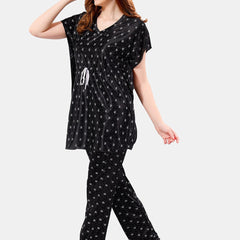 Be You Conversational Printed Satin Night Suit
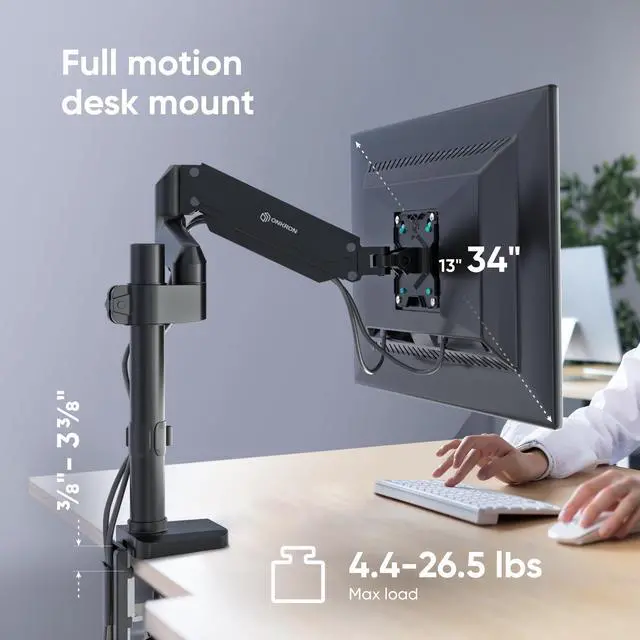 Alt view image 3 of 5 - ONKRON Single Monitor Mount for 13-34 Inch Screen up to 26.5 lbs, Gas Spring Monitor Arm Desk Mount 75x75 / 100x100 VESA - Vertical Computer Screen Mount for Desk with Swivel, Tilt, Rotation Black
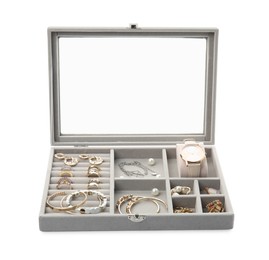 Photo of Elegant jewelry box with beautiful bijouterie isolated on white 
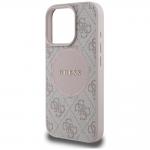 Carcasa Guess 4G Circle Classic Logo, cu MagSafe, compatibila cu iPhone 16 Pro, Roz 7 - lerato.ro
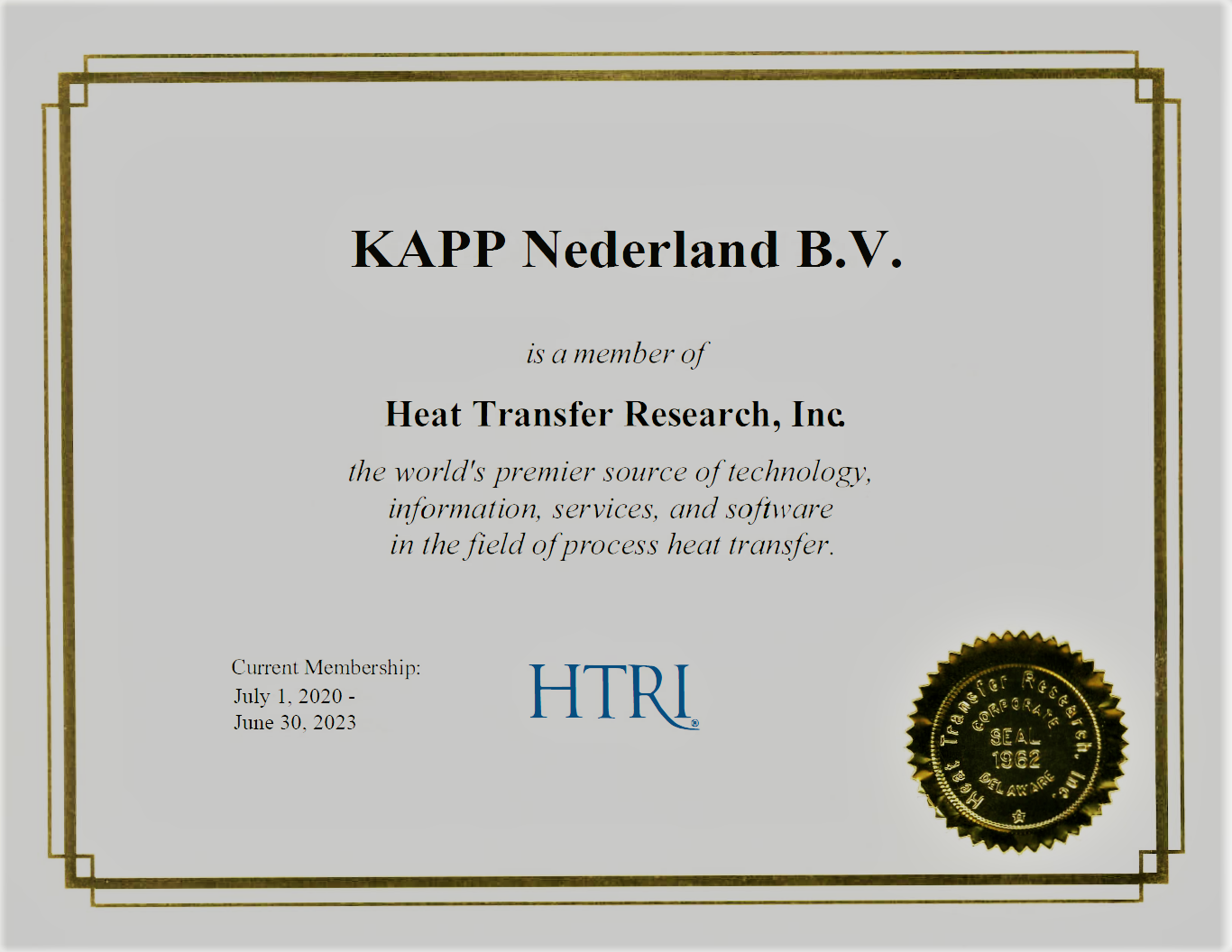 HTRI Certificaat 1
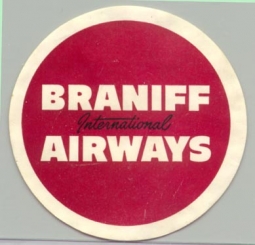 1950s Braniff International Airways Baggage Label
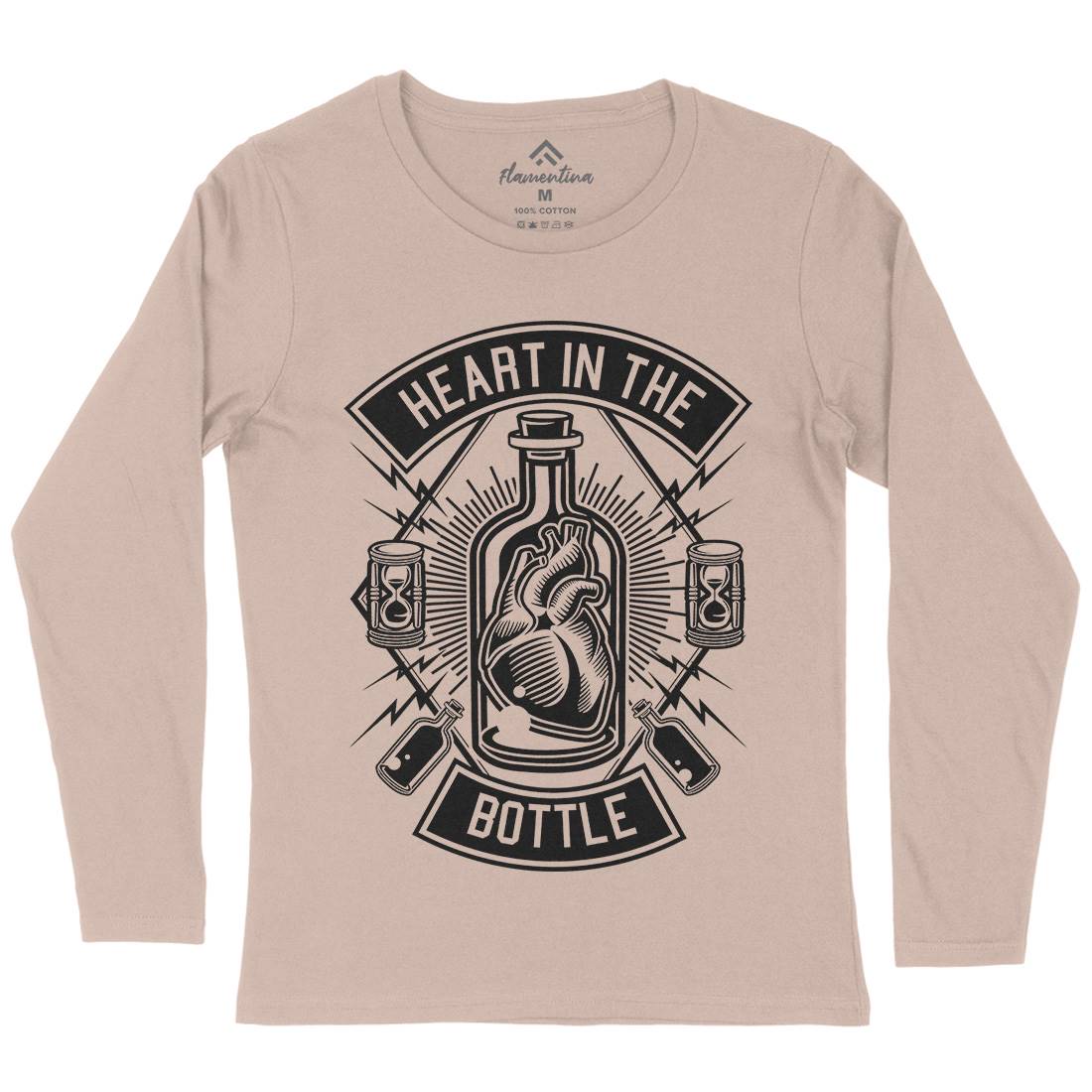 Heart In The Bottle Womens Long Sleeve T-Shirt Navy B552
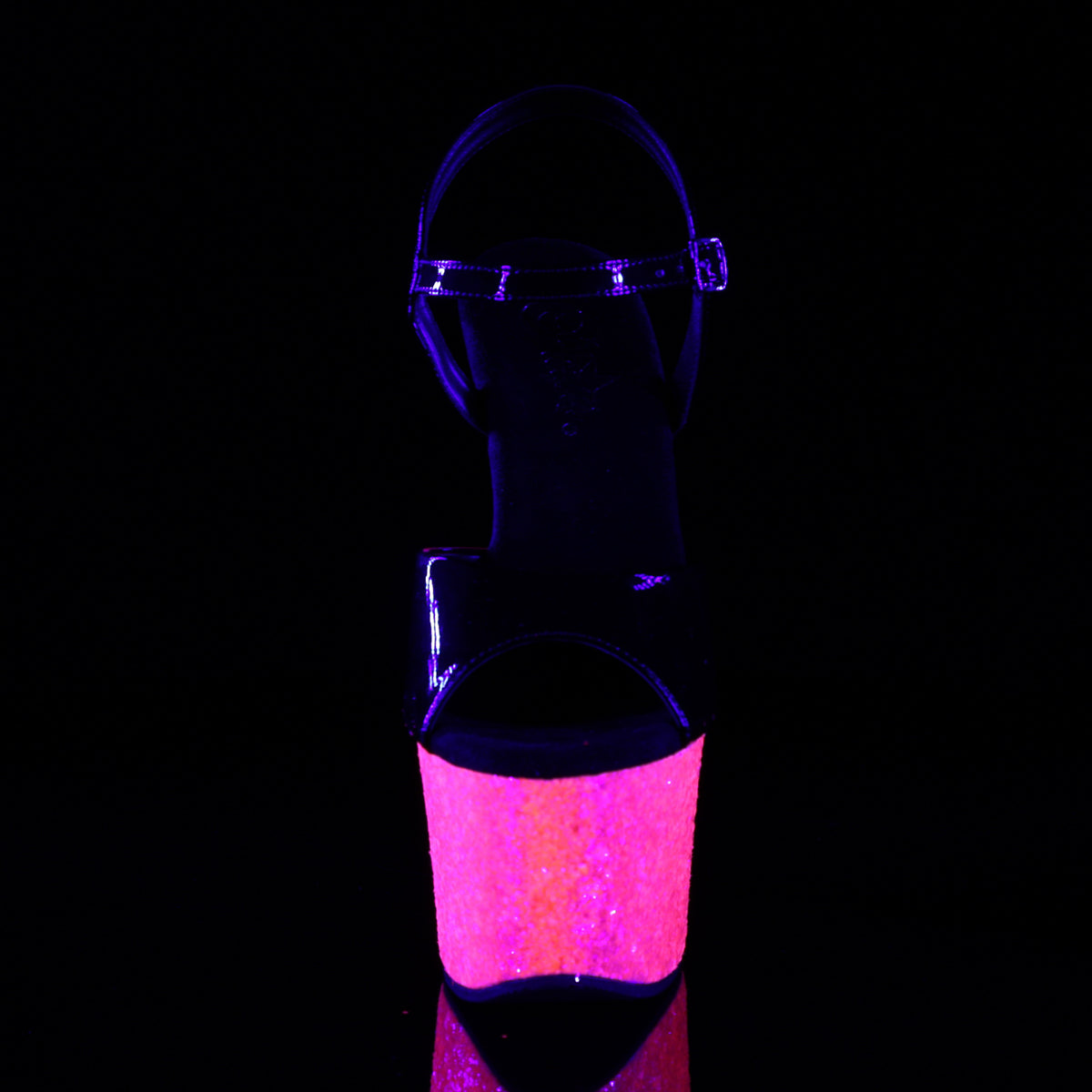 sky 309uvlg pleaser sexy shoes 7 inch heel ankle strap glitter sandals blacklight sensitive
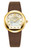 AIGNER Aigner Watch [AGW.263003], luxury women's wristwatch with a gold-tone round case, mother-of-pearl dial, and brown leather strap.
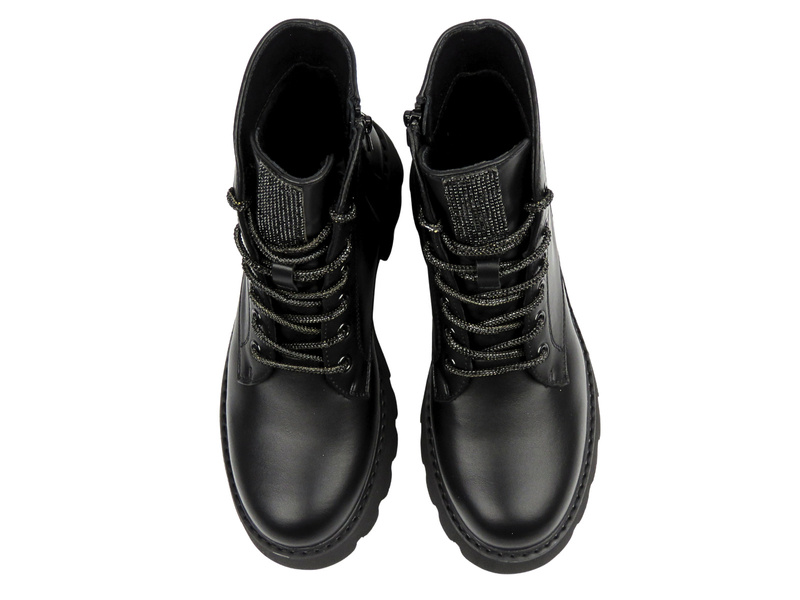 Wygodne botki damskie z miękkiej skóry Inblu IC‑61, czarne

# # #

Only the records, copied exactly and without pictures, should make up the answer.

## [Answer space]
 Be You Conversational Printed Satin Night Suit
 Alt view image 3 of 5 - ONKRON Single Monitor Mount for 13-34 Inch Screen up to 26.5 lbs, Gas Spring Monitor Arm Desk Mount 75x75 / 100x100 VESA - Vertical Computer Screen Mount for Desk with Swivel, Tilt, Rotation Black
 Photo of Elegant jewelry box with beautiful bijouterie isolated on white 
 Carcasa Guess 4G Circle Classic Logo, cu MagSafe, compatibila cu iPhone 16 Pro, Roz 7 - lerato.ro
 HTRI Certificaat 1
 1950s Braniff International Airways Baggage Label
 Heart In The Bottle Womens Long Sleeve T-Shirt Navy B552
 sky 309uvlg pleaser sexy shoes 7 inch heel ankle strap glitter sandals blacklight sensitive
 AIGNER Aigner Watch [AGW.263003], luxury women's wristwatch with a gold-tone round case, mother-of-pearl dial, and brown leather strap.
 Wygodne botki damskie z miękkiej skóry Inblu IC‑61, czarne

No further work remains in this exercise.